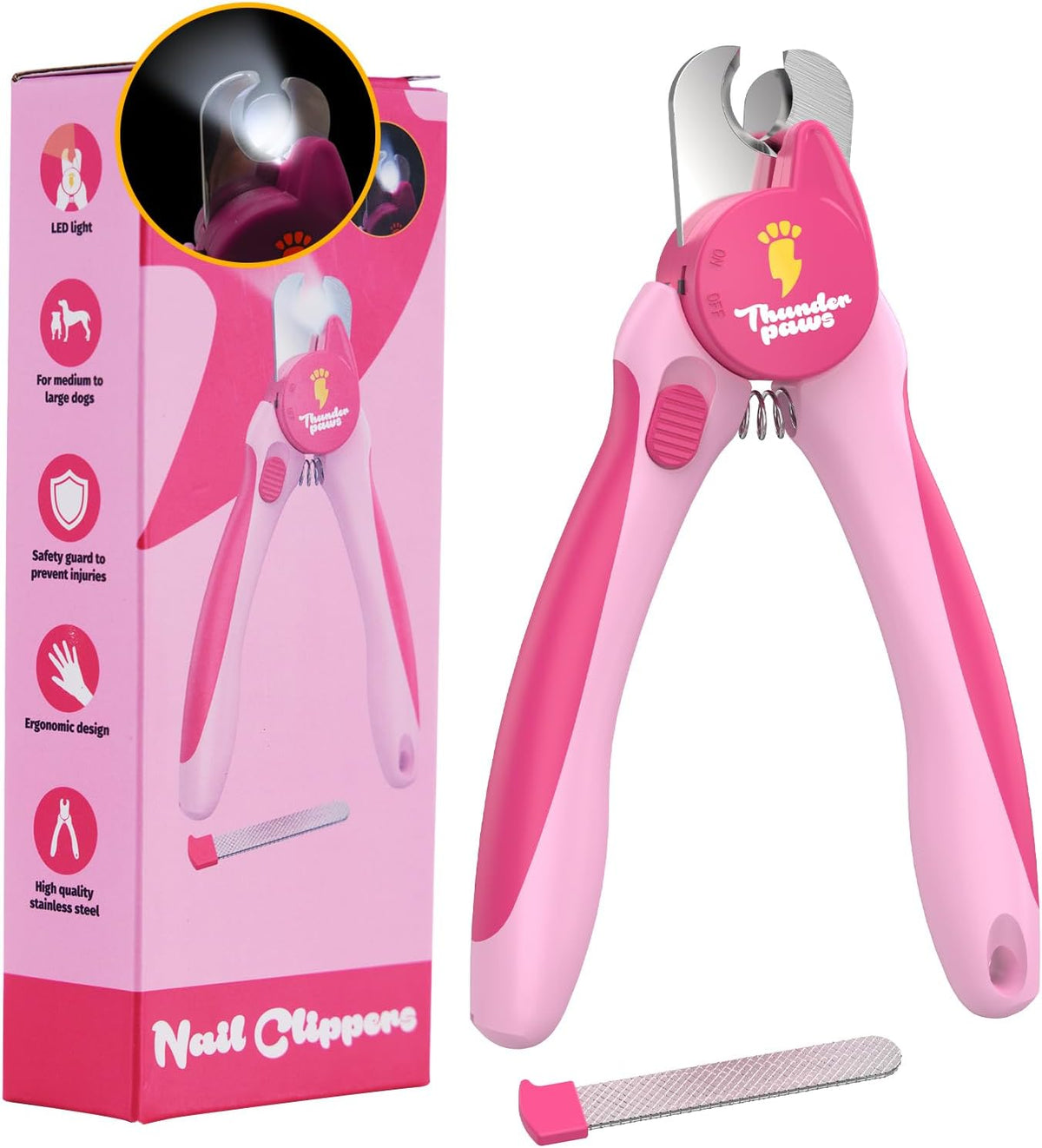LED Dog Nail Clippers with Light, Pet Nail Trimmer (Pink)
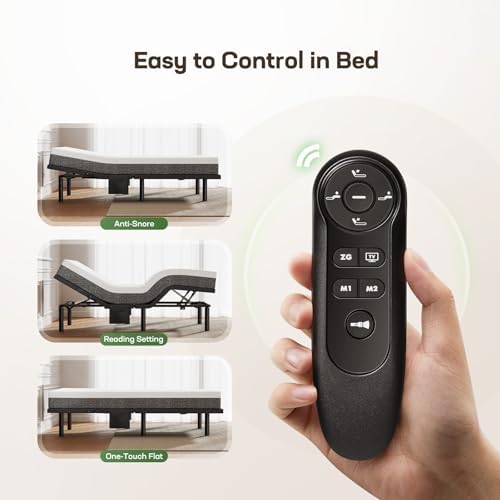 Marsail (マーセイル) ベッドベースフレーム クイーンサイズ調整可能 4ポート USB A&C ベッド下常夜灯付 3分迅速組立 ワイヤレスリモコン調節ベッド 高さ4段階オプション MS01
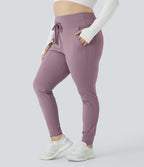 Jogging grande taille SoftlyZero™ Airy taille haute avec cordon de serrage poches latérales longueur complète effet frais InstantCool, protection solaire UPF50+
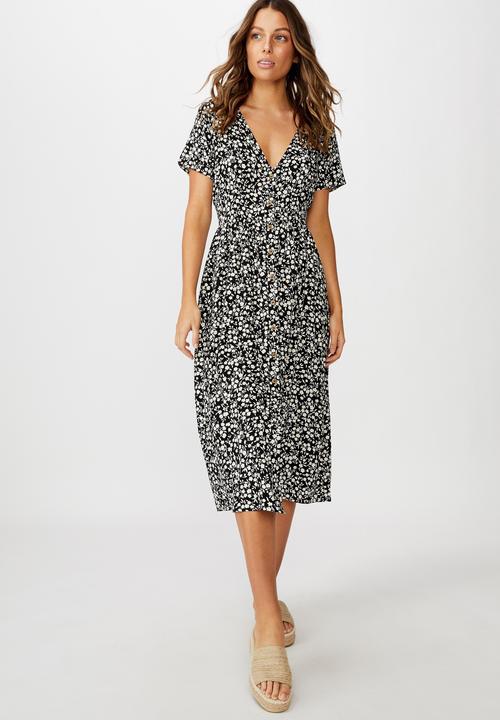 Cotton On - Woven clover short sleeve midi dress - black & white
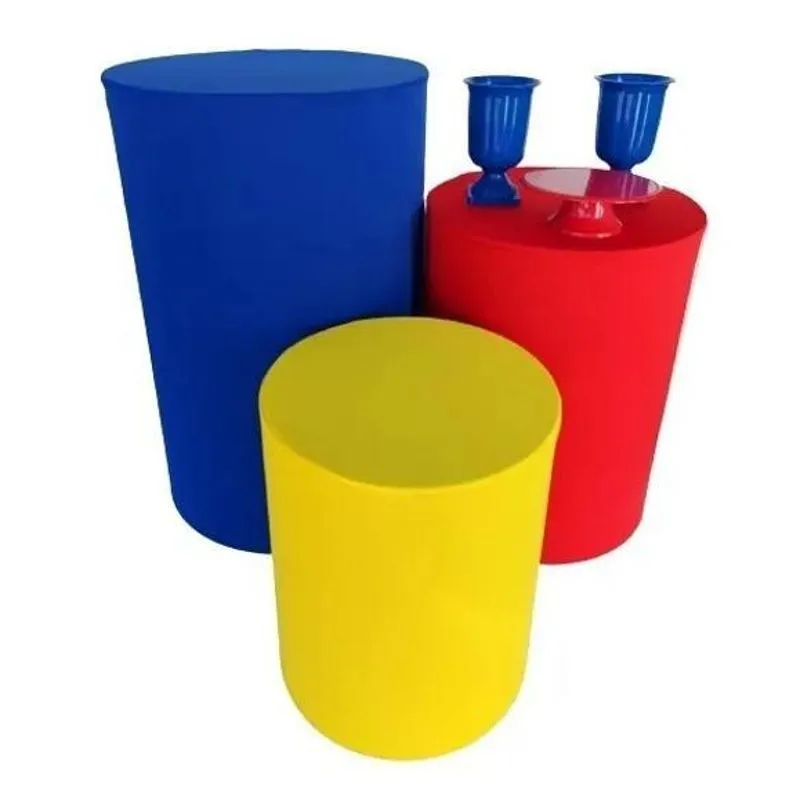 Trio De Capas Para Mesa Cilind Vermelho, Azul, Amarelo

* * * * * * *

▸ BRIEF
Would you copy all of the data exactly? Keep the pictures out of it.

▸ RESULT OF THE TASK
LED Dog Nail Clippers with Light, Pet Nail Trimmer (Pink)
 Marsail (マーセイル) ベッドベースフレーム クイーンサイズ調整可能 4ポート USB A&C ベッド下常夜灯付 3分迅速組立 ワイヤレスリモコン調節ベッド 高さ4段階オプション MS01
 Jogging grande taille SoftlyZero™ Airy taille haute avec cordon de serrage poches latérales longueur complète effet frais InstantCool, protection solaire UPF50+
 Cotton On - Woven clover short sleeve midi dress - black & white
 Trio De Capas Para Mesa Cilind Vermelho, Azul, Amarelo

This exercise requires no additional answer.